Hermès’ reliance on quality and craftsmanship makes it inherently more sustainable than many fashion brands, particularly fast fashion juggernauts. But while some luxury fashion brands have turned their backs on leather, the French luxury brand doesn’t have any plans to set an example to the rest of fashion by backing down on its use of the material. Since 2020, it has opened ten new leather goods factories — not just for Birkins, but for the production of all of its leather garments and accessories, which are growing in demand. In a bid to offset some of the impact, the luxury brand fitted one of its new factories on the Dordogne River with solar panels and a rainwater recycling system. It also planted 100 trees and created a garden.

But despite all of this, the brand is still contributing to the idea that leather is a highly desirable, luxury material. This, arguably, won’t shift more Birkins. The number of people who have $10,000 to 100,000 to drop on a luxury bag is unlikely to climb significantly. But, the number of people who head to Zara or another fast fashion brand for a cheap dupe with a similar look? That’s likely to keep increasing. In fact, the global leather handbag market is set to surpass $41 billion by 2031. 

Hermès isn’t alone. Brands like Burberry, Gucci, Versace, and so many more help to cultivate the idea in society that leather bags and other accessories are luxurious and desirable. But others, like Ganni, are trying to change the narrative. Stella McCartney, for example, has never sold leather through her eponymous brand and uses novel vegan leather instead, such as apple, mushroom, and, most recently, leather made from Veuve Clicquot’s wine grape waste.

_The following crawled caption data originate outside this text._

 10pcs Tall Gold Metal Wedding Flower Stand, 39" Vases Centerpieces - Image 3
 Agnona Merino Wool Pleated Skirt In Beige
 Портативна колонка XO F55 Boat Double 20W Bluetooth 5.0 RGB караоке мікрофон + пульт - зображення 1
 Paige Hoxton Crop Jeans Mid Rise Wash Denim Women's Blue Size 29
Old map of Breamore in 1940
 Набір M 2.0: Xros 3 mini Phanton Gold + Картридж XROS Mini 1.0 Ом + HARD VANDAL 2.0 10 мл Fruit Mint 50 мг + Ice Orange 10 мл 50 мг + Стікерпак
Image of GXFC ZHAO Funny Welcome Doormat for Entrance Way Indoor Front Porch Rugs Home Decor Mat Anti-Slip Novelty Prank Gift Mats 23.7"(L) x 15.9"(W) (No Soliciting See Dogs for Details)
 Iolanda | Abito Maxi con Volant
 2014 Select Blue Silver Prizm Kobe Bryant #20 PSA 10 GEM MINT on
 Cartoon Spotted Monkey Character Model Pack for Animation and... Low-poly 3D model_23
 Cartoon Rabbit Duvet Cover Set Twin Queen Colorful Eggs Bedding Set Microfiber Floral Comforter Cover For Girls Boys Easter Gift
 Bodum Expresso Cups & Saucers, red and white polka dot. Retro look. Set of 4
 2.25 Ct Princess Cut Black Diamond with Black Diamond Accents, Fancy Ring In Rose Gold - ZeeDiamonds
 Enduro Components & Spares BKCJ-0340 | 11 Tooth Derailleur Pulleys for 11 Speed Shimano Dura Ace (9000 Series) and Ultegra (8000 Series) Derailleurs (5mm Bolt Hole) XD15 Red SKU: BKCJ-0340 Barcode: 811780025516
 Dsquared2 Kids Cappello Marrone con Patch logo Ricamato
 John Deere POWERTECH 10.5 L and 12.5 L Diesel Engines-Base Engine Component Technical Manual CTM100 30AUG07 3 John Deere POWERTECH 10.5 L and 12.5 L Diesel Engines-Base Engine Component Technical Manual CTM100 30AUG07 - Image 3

“People really don’t want to talk about the fact that the fashion industry’s biggest impact is its use of leather,” McCartney told Vogue in 2019. “The animals it kills, the toxins, the chemicals, the cutting down of rain forests, the food and water and electricity it takes to make a leather bag.” 

hermes victoria bag
The Hermès Victoria Voyage made from MycoWorks’ mushroom leather | Courtesy

Speaking about the slew of fur and exotic skin bans in the luxury market in the last few years, she added: “What’s the difference between an exotic skin and a cow skin? I don’t get it — that’s the same conversation to me. If you really mean it, stop using leather, full stop, and then you’ll see a massive, massive change in the industry’s environmental impact.”

Hermès has explored vegan leather. It launched a vegan leather alternative in partnership with Apple on the iPhone 15 and Apple Watch products released last year. In 2021, it announced a collaboration with San Francisco’s MycoWorks, a mycelium leather manufacturer. Not a vegan Birkin, but they collaborated on the Hermès Victoria bag in Sylvania, made in part from MycoWorks’ Fine Mycelium.

And while an alternative leather Birkin made from sustainable materials has yet to be announced, it’s perhaps not a question of if, but when. At the time of the Victoria bag launch, Pierre-Alexis Dumas, Hermès Artistic Director, said MycoWorks’ vision and values echo those of Hermès: “a strong fascination with natural raw material and its transformation, a quest for excellence, with the aim of ensuring that objects are put to their best use and that their longevity is maximized. He emphasized that, with Sylvania, Hermès is “at the heart” of what it has always been: “innovation in the making.”